The phrase ‘Hydrogen Economy’ is not a recent concept. John Bockris first introduced it in 1976, where hydrogen was identified as clean energy carrier. In a Hydrogen Economy, the lightest of all gases must be processed as any other market commodity. Hydrogen is to be produced, packaged, transported, stored and transferred to the end-user [1], where it can be converted to electricity by the usage of fuel cells or other conversion devices [2].

Hydrogen can be produced from conventional fossil fuels, but also from more environmentally friendly and renewable resources. The total annual world production of hydrogen was around 368 trillion m³ [3]; 48% of hydrogen was produced from natural gas, about 30% from oil, 18% from coal and 4% via water electrolysis [4]. Eighty percent of the produced amount was mainly consumed by the chemical industry and by petrochemical refineries [5]. The remaining amount was utilised in various processes including situations that hydrogen used as energy carrier.
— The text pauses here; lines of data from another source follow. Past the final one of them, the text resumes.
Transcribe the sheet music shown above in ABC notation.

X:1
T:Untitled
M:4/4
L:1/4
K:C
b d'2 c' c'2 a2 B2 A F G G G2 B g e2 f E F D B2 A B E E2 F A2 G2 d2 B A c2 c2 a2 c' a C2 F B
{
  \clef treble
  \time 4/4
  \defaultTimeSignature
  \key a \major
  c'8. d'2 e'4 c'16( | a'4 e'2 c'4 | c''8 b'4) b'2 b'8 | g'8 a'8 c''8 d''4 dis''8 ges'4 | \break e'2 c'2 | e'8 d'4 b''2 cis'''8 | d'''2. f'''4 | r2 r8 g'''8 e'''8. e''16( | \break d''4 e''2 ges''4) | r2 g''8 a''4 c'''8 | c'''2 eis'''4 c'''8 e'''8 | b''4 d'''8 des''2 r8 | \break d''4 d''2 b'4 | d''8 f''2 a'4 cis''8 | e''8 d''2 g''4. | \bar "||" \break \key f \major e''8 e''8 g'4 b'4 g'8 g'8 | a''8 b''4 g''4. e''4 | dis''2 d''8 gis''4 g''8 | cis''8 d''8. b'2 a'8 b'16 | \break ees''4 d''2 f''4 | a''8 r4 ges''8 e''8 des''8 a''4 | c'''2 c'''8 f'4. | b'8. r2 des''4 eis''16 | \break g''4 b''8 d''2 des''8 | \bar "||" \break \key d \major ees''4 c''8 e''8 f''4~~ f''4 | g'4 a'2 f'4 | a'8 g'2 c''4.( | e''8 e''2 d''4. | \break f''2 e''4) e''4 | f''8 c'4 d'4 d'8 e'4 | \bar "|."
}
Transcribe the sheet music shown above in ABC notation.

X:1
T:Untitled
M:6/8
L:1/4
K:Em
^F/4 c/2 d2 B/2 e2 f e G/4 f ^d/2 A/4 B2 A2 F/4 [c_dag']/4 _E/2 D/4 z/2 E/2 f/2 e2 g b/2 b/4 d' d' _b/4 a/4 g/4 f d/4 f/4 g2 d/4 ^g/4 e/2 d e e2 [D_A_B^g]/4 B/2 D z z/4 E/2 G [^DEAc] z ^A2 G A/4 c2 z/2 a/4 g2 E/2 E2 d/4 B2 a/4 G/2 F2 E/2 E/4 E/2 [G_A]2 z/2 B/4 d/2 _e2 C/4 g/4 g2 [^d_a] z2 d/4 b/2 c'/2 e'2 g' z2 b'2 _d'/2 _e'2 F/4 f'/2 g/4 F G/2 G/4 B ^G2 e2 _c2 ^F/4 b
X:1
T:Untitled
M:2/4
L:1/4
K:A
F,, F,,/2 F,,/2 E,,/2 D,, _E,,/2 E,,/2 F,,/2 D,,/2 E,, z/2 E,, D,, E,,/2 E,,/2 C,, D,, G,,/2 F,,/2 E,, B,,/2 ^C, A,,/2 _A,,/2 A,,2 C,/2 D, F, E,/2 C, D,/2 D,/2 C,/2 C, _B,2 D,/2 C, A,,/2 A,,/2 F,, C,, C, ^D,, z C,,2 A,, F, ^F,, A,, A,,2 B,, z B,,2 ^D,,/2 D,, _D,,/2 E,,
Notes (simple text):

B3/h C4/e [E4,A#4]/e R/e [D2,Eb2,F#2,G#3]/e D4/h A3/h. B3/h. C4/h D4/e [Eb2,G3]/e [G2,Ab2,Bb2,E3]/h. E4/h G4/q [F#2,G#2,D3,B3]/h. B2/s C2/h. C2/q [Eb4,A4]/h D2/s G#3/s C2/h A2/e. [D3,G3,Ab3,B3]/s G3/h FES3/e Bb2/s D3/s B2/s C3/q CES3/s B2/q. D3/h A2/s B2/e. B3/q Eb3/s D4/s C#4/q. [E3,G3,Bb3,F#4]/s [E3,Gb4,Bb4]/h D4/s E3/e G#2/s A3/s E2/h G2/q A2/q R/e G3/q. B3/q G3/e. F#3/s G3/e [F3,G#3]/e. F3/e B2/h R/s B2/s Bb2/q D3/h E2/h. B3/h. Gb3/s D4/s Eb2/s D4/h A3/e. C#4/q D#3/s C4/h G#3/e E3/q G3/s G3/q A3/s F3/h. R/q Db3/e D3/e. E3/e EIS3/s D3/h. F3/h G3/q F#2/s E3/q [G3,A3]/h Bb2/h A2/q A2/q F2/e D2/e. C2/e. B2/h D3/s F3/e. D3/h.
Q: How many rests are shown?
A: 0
In addition, the global demand for hydrogen in 2010 was 43 Mtons and the forecast is to reach around 50 (or more) Mtons by 2025, majorly affected from the demand for ammonia production, methanol and petroleum refinery operations [6,7]. The hydrogen consumption (in million Tons) is shown in Figure 1. Asia and Pacific are the world’s leaders in consuming hydrogen (almost 1/3 of the global consumption), followed by North America and Western Europe [6,7]. The hydrogen as an alternative fuel can be used as potential energy carrier at the transportation sector for Fuel Cell Electric Vehicles (FCEVs) [8].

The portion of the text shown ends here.